Hace 33 años, el 5 de julio de 1984, Diego Armando Maradona hacía su presentación como jugador del Nápoli en el estadio San Paolo de esa ciudad del sur de Italia.
80.000 personas fueron al estadio a cancha ese día sólo para verlo lucir la camiseta celeste de la institución napolitana, la que nunca había logrado el título de la primera división del fútbol italiano en sus -para entonces- casi 60 años de historia.
Fue un amor a primera vista. Diego se enamoró de Nápoles tanto como su gente de él.
El mejor jugador del mundo -para muchos, y me incluyo, el mejor de todos los tiempos- se identificó con las esperanzas, tantas veces postergadas, de quienes soñaban con una alegría que parecía inalcanzable. Se identificó también con el Sur pobre, postergado, ansioso de demostrar su valía aunque más no fuera en el terreno deportivo.

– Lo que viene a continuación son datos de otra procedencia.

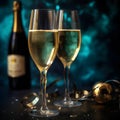 Closeup Of Sparkling Wine Bottle And Alcohol Pouring In Two Champagne Glasses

Maradona no los defraudó. Los llevó a la victoria en dos campeonatos inolvidables, 1987 y 1990 fueron los dos primeros trofeos del Napoli en la máxima categoría del Calcio. También fueron -hasta hoy- los únicos.
La pasión napolitana por su ídolo nunca cesó. La camiseta del “10” sigue siendo el máximo símbolo del club y la leyenda de Maradona creció año a año.
Hoy la ciudad le entrega la máxima distinción, la de ciudadano ilustre. Como no podía ser de otro modo, todo Nápoles, desbordada desde su arribo, se reune para homenajearlo, para disfrutar nuevamente de su presencia, para reafirmar a través de su figura la identidad napolitana.
Entre ellos hay numerosos jóvenes que jamás lo vieron jugar pero que recibieron de sus padres esa suerte de ritual maradoniano, el amor incondicional por quien les dio esa porción de gloria que siempre recordarán.